→ **Try it**
Would you please retype, exactly, the lines of the listing below between the line with "MyBioSource MBS6045660 image 1" and the line with "Kitschig.thumb.jpg.836e70e055373ad943062d66033a2fdb.jpg", inclusive?

→ **Data for this exercise**
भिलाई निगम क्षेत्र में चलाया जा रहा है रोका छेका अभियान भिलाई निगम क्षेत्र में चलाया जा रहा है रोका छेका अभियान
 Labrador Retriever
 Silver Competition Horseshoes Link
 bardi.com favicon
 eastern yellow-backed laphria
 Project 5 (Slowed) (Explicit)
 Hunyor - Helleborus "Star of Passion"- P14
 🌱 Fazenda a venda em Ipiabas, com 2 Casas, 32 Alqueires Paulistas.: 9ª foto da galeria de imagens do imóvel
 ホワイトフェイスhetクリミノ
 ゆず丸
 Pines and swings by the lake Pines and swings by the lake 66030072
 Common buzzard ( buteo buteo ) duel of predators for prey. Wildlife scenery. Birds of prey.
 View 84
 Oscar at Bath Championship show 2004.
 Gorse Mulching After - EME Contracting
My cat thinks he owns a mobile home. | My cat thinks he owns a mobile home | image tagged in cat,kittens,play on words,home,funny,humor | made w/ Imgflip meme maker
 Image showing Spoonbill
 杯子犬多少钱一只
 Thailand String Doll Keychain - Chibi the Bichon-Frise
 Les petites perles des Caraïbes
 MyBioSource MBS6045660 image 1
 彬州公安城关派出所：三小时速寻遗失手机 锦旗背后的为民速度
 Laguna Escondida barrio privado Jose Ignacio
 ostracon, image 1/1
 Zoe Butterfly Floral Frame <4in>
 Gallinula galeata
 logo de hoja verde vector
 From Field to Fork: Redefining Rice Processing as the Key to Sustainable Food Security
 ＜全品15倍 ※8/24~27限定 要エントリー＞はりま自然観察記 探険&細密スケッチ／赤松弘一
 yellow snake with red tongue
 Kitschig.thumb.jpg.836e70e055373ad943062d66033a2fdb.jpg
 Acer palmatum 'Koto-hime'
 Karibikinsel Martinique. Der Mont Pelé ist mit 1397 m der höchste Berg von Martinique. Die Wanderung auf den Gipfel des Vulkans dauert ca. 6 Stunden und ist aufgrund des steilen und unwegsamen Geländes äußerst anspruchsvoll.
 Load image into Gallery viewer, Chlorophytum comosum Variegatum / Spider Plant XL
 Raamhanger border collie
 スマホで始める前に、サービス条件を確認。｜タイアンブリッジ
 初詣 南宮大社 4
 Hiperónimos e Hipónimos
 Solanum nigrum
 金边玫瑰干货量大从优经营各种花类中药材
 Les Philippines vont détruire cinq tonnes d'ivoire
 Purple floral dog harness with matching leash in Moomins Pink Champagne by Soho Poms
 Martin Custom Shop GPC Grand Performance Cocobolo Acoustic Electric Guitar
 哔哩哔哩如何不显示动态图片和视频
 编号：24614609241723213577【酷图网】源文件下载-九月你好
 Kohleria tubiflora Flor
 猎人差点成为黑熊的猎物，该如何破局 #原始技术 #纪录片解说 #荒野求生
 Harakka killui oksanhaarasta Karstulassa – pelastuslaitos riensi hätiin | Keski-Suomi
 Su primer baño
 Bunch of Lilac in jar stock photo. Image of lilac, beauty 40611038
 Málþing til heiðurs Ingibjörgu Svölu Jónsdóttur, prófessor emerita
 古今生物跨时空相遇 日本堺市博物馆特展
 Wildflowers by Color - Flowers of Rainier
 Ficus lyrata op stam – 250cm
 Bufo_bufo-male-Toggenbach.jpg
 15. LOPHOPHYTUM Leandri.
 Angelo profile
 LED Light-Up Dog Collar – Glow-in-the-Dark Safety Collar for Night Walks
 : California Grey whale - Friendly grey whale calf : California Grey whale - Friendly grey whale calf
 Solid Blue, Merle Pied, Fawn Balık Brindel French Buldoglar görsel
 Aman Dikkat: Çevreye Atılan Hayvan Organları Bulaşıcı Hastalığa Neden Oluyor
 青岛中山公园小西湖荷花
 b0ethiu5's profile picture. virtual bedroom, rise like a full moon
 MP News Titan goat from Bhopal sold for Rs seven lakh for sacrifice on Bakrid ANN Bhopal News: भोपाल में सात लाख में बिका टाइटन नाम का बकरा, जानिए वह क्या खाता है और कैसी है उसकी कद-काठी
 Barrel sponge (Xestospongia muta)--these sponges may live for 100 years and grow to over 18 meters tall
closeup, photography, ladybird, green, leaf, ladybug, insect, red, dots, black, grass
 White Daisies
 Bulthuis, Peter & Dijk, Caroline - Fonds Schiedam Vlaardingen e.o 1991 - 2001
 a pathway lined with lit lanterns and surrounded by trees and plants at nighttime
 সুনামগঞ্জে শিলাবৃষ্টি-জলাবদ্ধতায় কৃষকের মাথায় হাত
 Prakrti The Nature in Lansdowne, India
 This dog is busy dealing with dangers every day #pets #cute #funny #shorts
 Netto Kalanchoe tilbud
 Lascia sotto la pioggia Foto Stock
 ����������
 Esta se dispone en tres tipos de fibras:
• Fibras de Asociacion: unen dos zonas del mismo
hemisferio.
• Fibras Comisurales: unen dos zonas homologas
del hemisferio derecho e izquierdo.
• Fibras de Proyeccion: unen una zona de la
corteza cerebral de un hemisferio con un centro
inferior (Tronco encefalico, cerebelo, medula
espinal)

→ **The answer**
 MyBioSource MBS6045660 image 1
 彬州公安城关派出所：三小时速寻遗失手机 锦旗背后的为民速度
 Laguna Escondida barrio privado Jose Ignacio
 ostracon, image 1/1
 Zoe Butterfly Floral Frame <4in>
 Gallinula galeata
 logo de hoja verde vector
 From Field to Fork: Redefining Rice Processing as the Key to Sustainable Food Security
 ＜全品15倍 ※8/24~27限定 要エントリー＞はりま自然観察記 探険&細密スケッチ／赤松弘一
 yellow snake with red tongue
 Kitschig.thumb.jpg.836e70e055373ad943062d66033a2fdb.jpg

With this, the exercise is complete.